Que le fond n’ait rien de bien palpitant n’est d’ailleurs que bien secondaire dans l’affaire : l’attachement / répulsion de Maddin pour sa ville natale et cité de son enfance qu’il tente désespérément de fuir sans parvenir à la quitter. Sur la vague trame d’un voyageur dans un train de nuit qui fait ses premiers tours de roue au départ de Winnipeg alors que le voyageur se remémore tout ce qui le retient ou le pousse à s’éloigner de cette ville, on passe en revue les principales particularités de la ville, le froid, la neige, les bâtiments publics, les évènements marquants de son histoire, tout autant que les principales étapes de la vie du jeune homme et de sa famille. La grande grève, l’évasion des chevaux de leurs écuries pétrifiés dans les glaces des mois durant après s’être jetés dans le fleuve, la piscine municipale à trois bassins superposés, la fourche des rivières, le chien de la famille, la mère actrice de série télé, la sœur championne d’athlétisme, le frère mort à l’adolescence, … Le tout dans un entremêlement de sujets, d’images d’archives ou de reconstitution. Guy Maddin ne filme pas tant la ville que « sa ville ». Même pas sa ville telle qu’il la voit, d’ailleurs, mais bien plutôt telle qu’il la ressent, qu’il la vit, qu’il s’en nourrit, qu’il s’en pétrit. La voix off exclusive n’est pas un descriptif, elle est un monologue, une longue page de journal intime, une longue introspection du réalisateur au travers du filtre de cette ville dont il s’est progressivement construit, pour le meilleur et pour le pire.

Pour le meilleur et pour le pire, de cette ville maternelle comme de cette ascendance maternelle, aussi captivantes que repoussantes l’une que l’autre, aussi présentes et comme en écho l’une de l’autre. La voix du narrateur se fait l’expression de la ville et la seule autre voix du film est celle de la mère, comme pour souligner l’effet de pendant, au travers d’un film par ailleurs muet.
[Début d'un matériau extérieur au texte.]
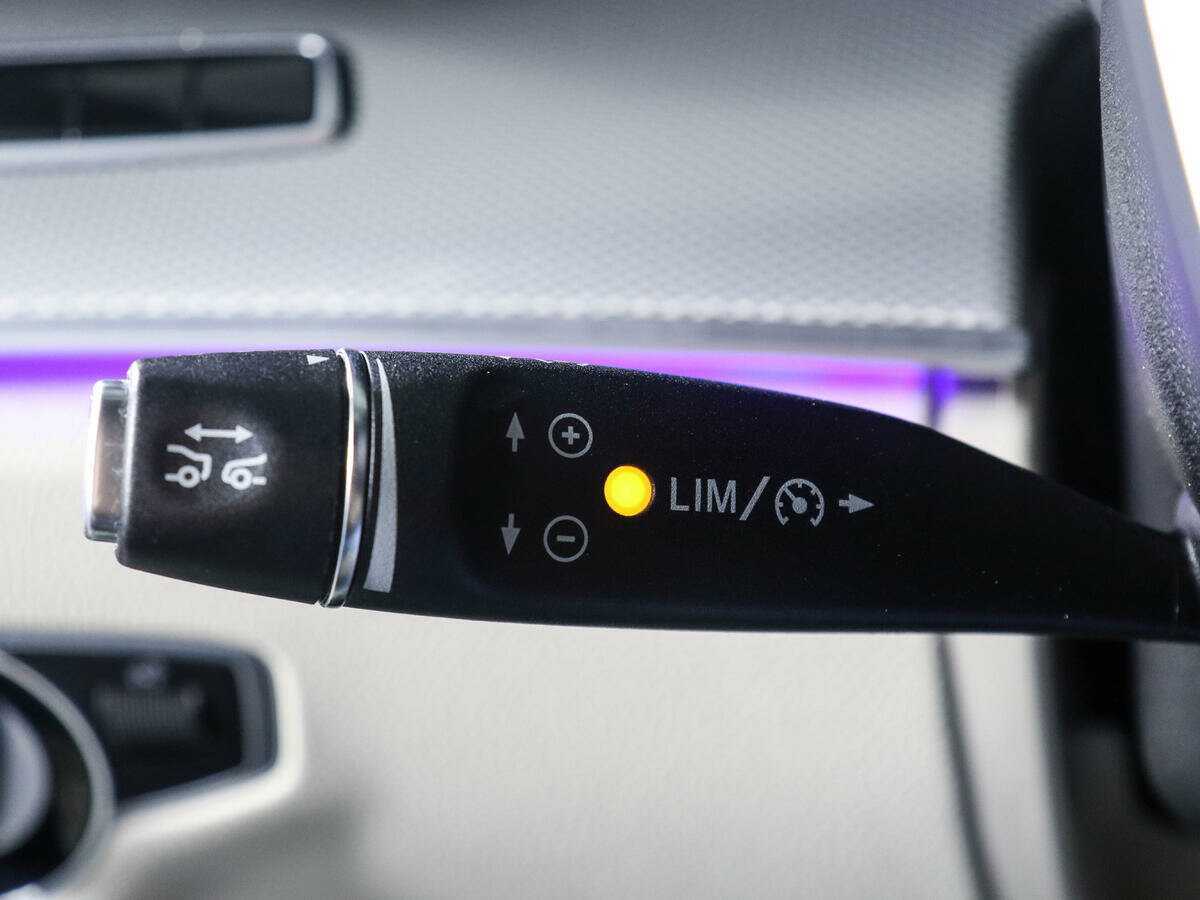 Б/У Мерседес-Бенц Е-Класс 2018 года. Фото: #21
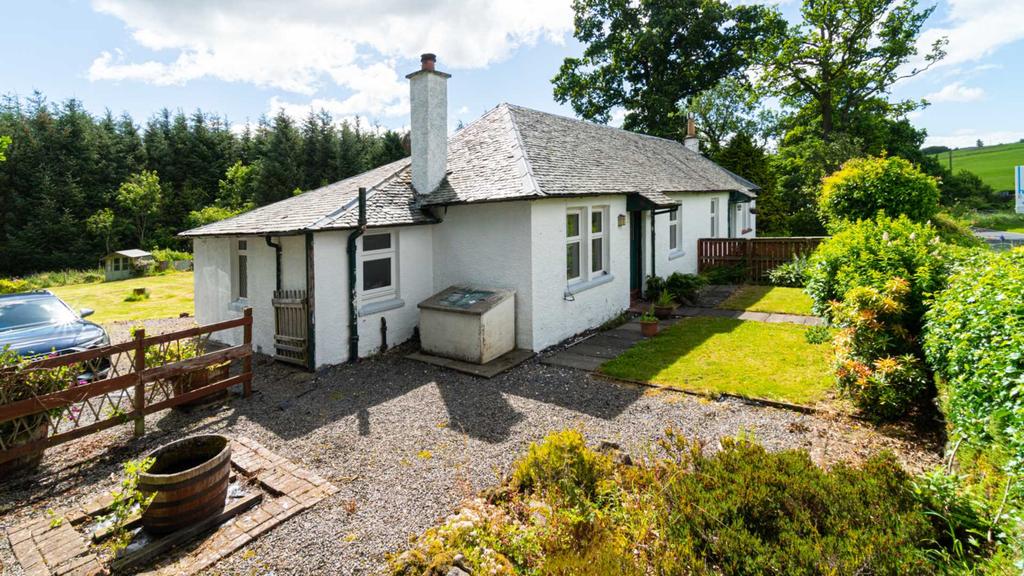 Duchal Estates, Kilmacolm 2 bed semi-detached house - £1,050 pcm (£242 pw)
Non pas seulement muet au sens qu’il ne rend aucune autre voix, mais au sens des films d’avant l’invention du parlant, quand les séquences étaient, comme ici, séparées de cartons présentant une parole écrite ou un commentaire intermédiaire. Les deux voix se répondent, sans le savoir, dans la construction du narrateur, dans ce qui le construit, dans l’étrangeté qui le construit, l’étrangeté de cette double parole tellement présente qu’elle en efface toute autre voix, étrangeté qui fait apparaître les cartons rédigés en français en contreplan d’un texte dit en anglais. Bien sûr la ville comme le réalisateur sont canadiens et pétris de cette double culture, mais l’étrangeté demeure de cette superposition à l’image de celle de cette mère-ville et de cette mère-femme.

Etrangeté qui ne prend fin qu’avec la fin du film et la sortie de Tonton de son coma hypnotique, avant qu’il ne se jette sur son écritoire pour en décrire les charmes troublants.